O rompimento de um relacionamento abusivo me deu fôlego suficiente para testar novos vôos e fazer as coisas que eu tinha vontade, mas não tinha feito antes por conta das cobranças que ele me fazia e um destes desejos era viajar. Logo depois, que terminamos emendei duas viagens incríveis. Em duas semanas após o término, estava eu em Buenos Aires. Voltei para São Paulo depois de uma semana na Argentina, troquei as malas e fui passar mais uns dias no Rio de Janeiro para um curso. Foram tempos loucos, em que eu sentia o prazer de fazer diversas coisas pela primeira vez, mas por outro lado, me sentia perturbada.

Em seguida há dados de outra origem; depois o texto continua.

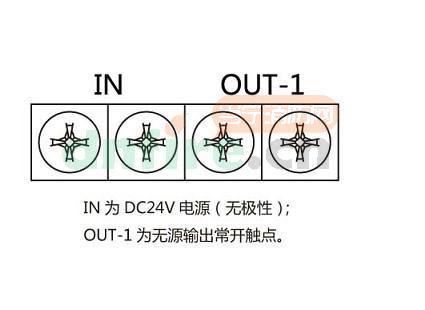 YCSB105防爆手動報警按鈕
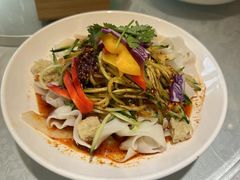 -好嫂子(五里坨店)
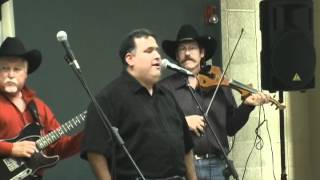 Justin Trevino -  If You Can't Undo The Wrong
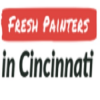 Company Logo For Fresh Painters in Cincinnati'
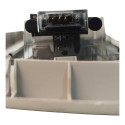Luz Cortesia Teto Gm Prisma Cobalt Onix 2015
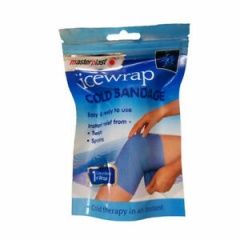 151 ICE WRAP COLD BANDAGE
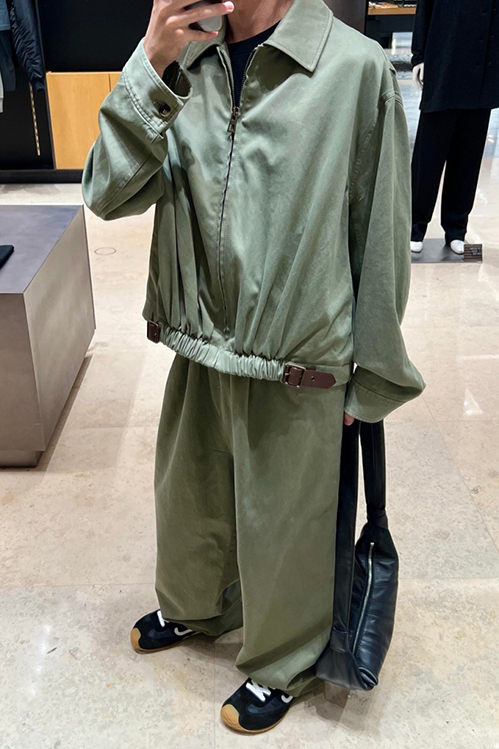 ロエベ スーパーコピージャケット アウターカジュアル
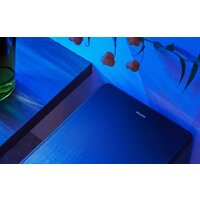 Philips Fidelio TAFW1/10 Image #7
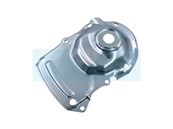 Carter de boîte côté gauche pour motoculteur Honda (21921734800)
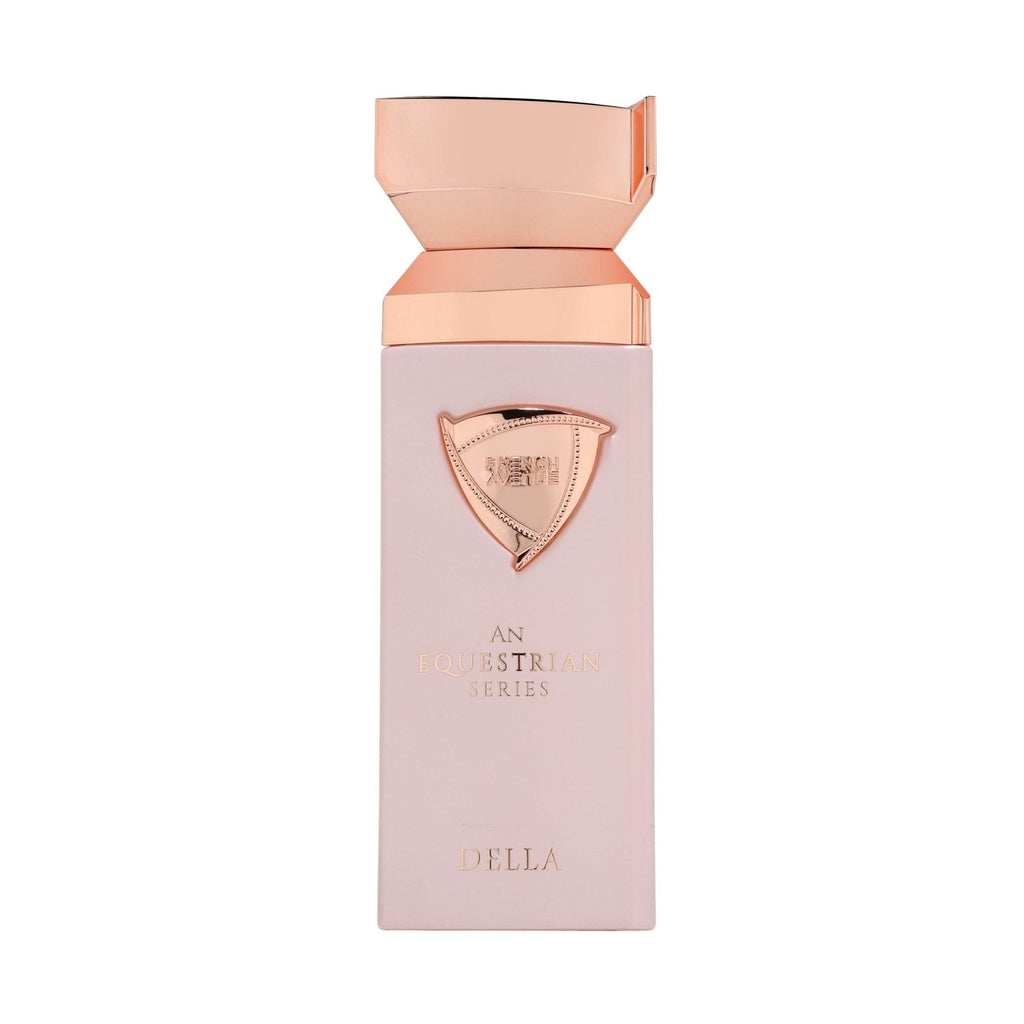 AN EQUESTRIAN SERIES DELLA French Avenue edp 100ml - Perfume South Africa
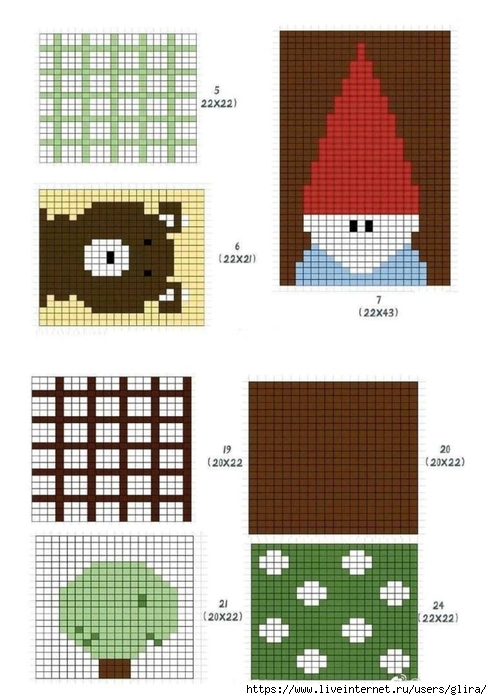 3,3 (492x700, 214Kb)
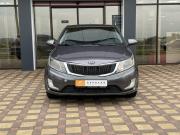 Kia Rio III Краснодар  - изображение 10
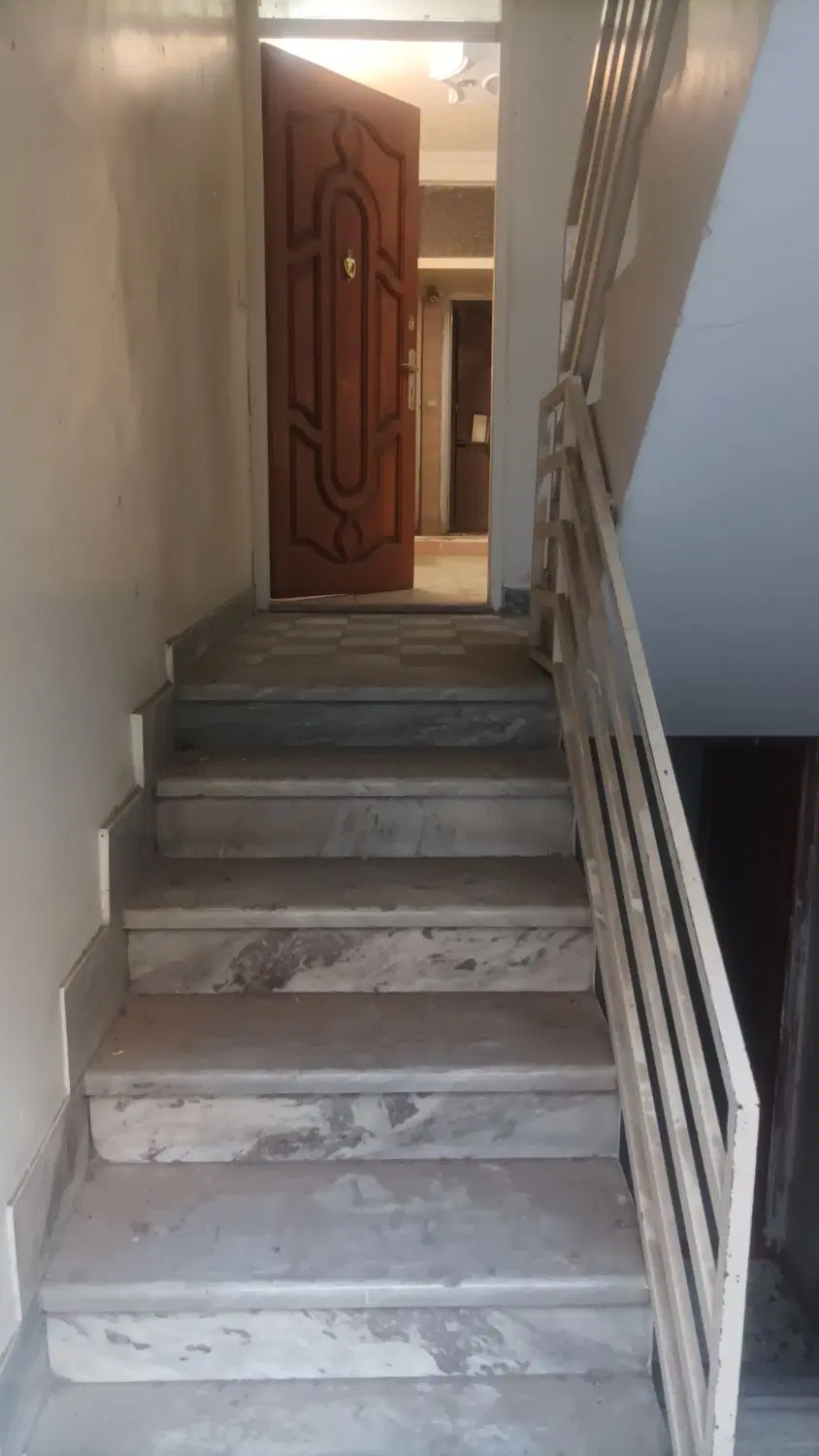 رهن خانه ویلایی لوکس با پارکینگ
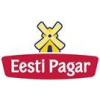 Eesti Pagar
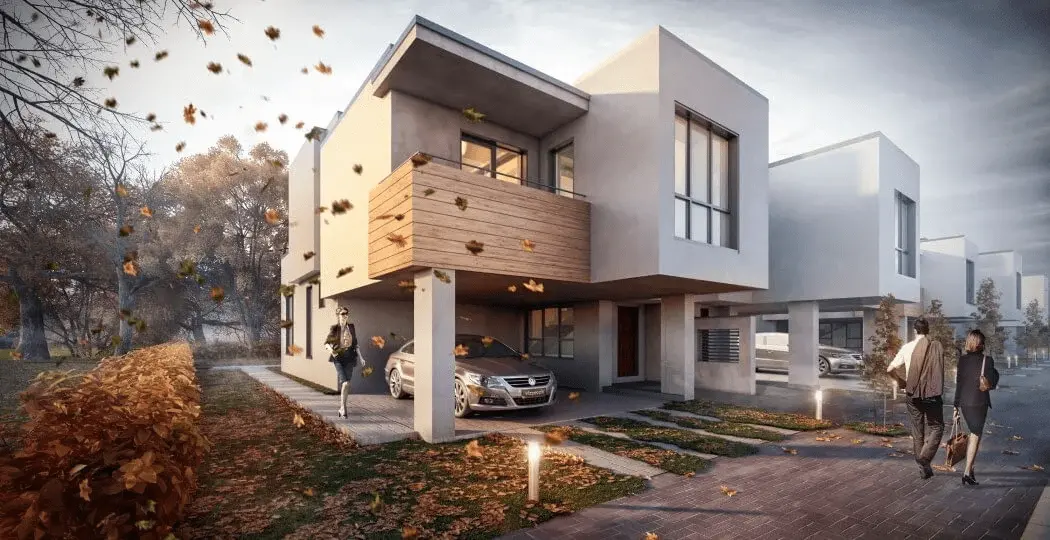 ТОП-7 лучших онлайн-курсов по 3D-визуализации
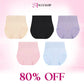 💞Buy 1 Get 3 Packs- Leakproof High-Waist Tummy-Control Butt-Lifting Panties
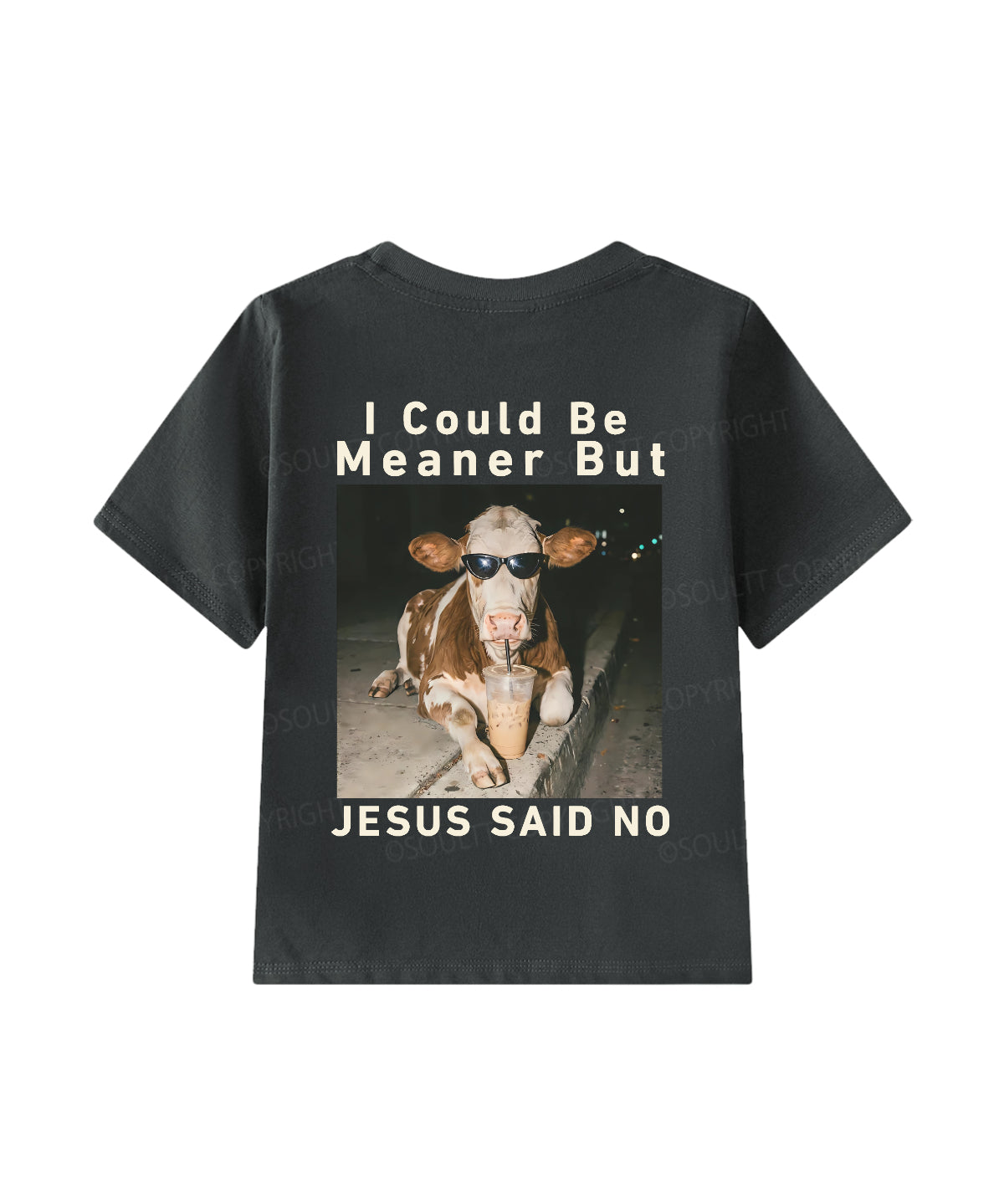 https://jollybell-1326511750.cos.accelerate.myqcloud.com/0/67a465bd062c474abe549ad27607c386.png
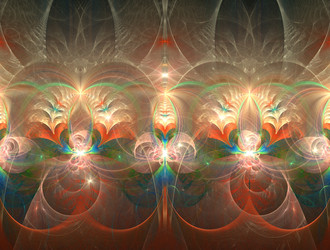 Similar image 21642202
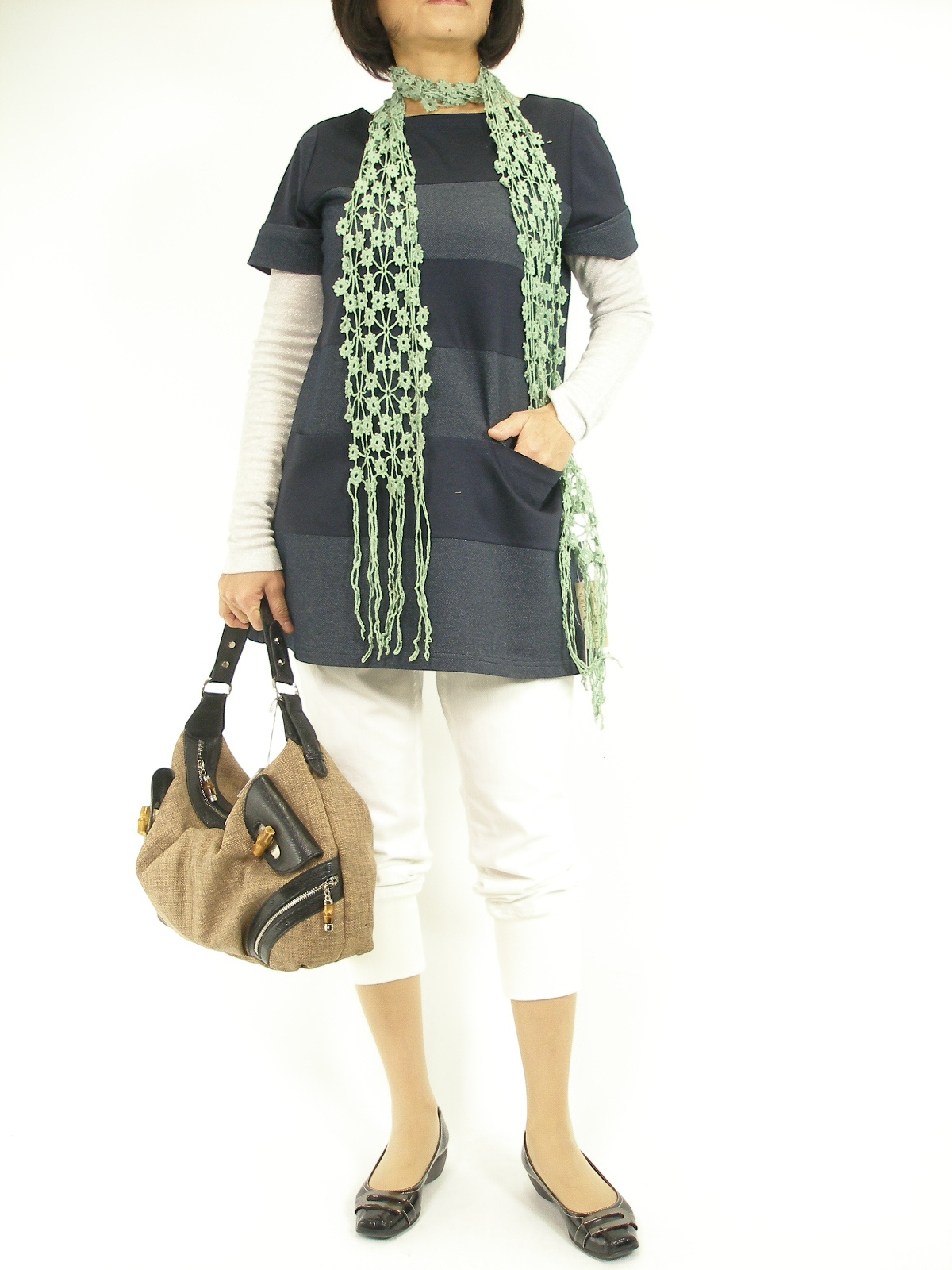 �R�[�f�B�l�[�g��2793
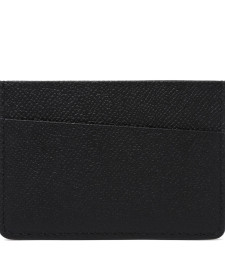 [Maison Margiela] Wallet FW26 SA1VX0005-P4745T8013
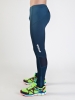 20160218_155724_100396.300_lado2_thumb.jpg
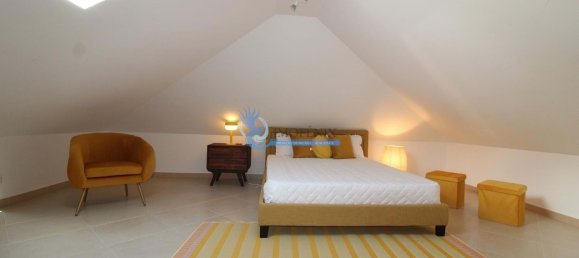 5 bedrooms House in Quarteira, Portugal No. 156899 23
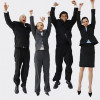 Business Benefits from Positive Staff Morale and Effective Communications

A minha perturbação vinha do fato de que eu sentia em mim todo o peso da liberdade que eu estava experienciando ali e eu de fato, não sabia o que fazer com ela. Ao mesmo tempo que eram deliciosas todas aquelas experiências, me eram doloridas, pois me remetiam sempre a uma ideia de solitude. Recordava as falas ácidas dele e me culpava. A minha solidão seria o castigo que eu merecia. Afirmava e negava, afirmava e negava. Li “A insustentável leveza do ser” e nunca algo tinha me dito tanto.
“Quanto mais pesado o fardo, mais próxima da terra está a nossa vida, e mais ela é real e verdadeira. Por outro lado, a ausência total de fardo faz com que o ser humano se torne mais leve do que o ar, com que ele voe, se distancie da terra, do ser terrestre, faz com que ele se torne semi-real, que seus movimentos sejam tão livres quanto insignificantes. Então, o que escolher? O peso ou a leveza?”
Por mais que senti o peso, o meu olhar tinha como foco a leveza e foi buscando-a por tantos caminhos, que pude ter experiências incríveis de viagens. Abri mão das minhas certezas e dos meus medos, e fui me deixando levar. A vida me levou para uma viagem à Espanha com hospedagens solidárias através do Couchsurfing, a viagens com amigos pelo litoral paulistano tão pouco explorado, ao refúgio conhecido da minha calma que é o Rio de Janeiro, a uma vila de pescadores a duas horas e meia de barquinho de Paraty com o amor da minha vida. Sim, eu o encontrei pelos caminhos da vida, tentando ele mesmo achar o seu caminho. Foi assim que os nossos se cruzaram e agora temos uma terceira via, que é tão deliciosamente nossa.
As minhas perspectivas de viajar foram, assim, amadurecendo e abandonei as minhas viagens como rotas de fuga, refúgios de mim mesma para entendê-las como mergulhos em mim e quando volto à superfície o que encontro é um espaço cheio de amor, em mim e por mim. As viagens tornaram-se assim experiências muito mais leves e espaços de trocas mais ricos. A todo tempo estamos por aí nos ressignificando e transformando os nossos olhares.
“Vou mostrando como sou
E vou sendo como posso
Jogando meu corpo no mundo
Andando por todos os cantos
E pela lei natural dos encontros
Eu deixo e recebo um tanto
E passo aos olhos nus
Ou vestidos de lunetas
Passado, presente
Participo sendo o mistério do planeta.”